Celles-ci roulent leurs chimères dans les aiguillages de deux vies. Un rêve s’organise là où chacun cherche dans l’autre une façon de combler son vide. Avec un certain érotisme pour qu’une union grandisse, la poésie écartèle les ombres sur le rempart des êtres qui ont parfois des yeux d’algue, des cheveux d’écume tout en recherchant des accords impensés où parfois le trident de Neptune se perd dans les cordages de l’élue.

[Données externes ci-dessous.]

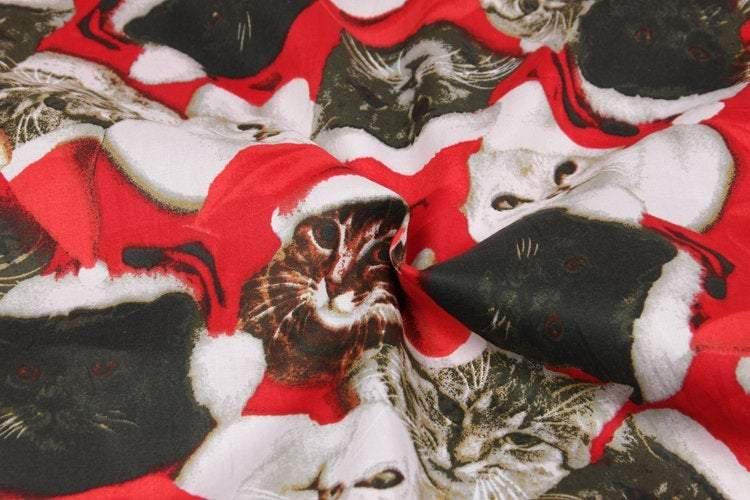 Cats Christmas Red! 1 Meter Medium Thickness Plain Cotton Fabric, Fabric by Yard, Yardage Cotton Fabrics for  Style Garments, Bags - fabrics-top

Peu à peu, un épanchement s’élargit là où les murmures se déchirent pour qu’un songe arrive dans des criques où dansent les lucioles sur une mantille de ténèbres ouverte par la foudre de l’orage. Plus tard, des arcs-en-ciel ouvrent en éventail une illumination commune.

Jean-Paul Gavard-Perret & Mireille Andelu, La princesse et l’errant, Area,  46 bis rue de Paradis, Paris, 2026, non paginé – 150,00 €.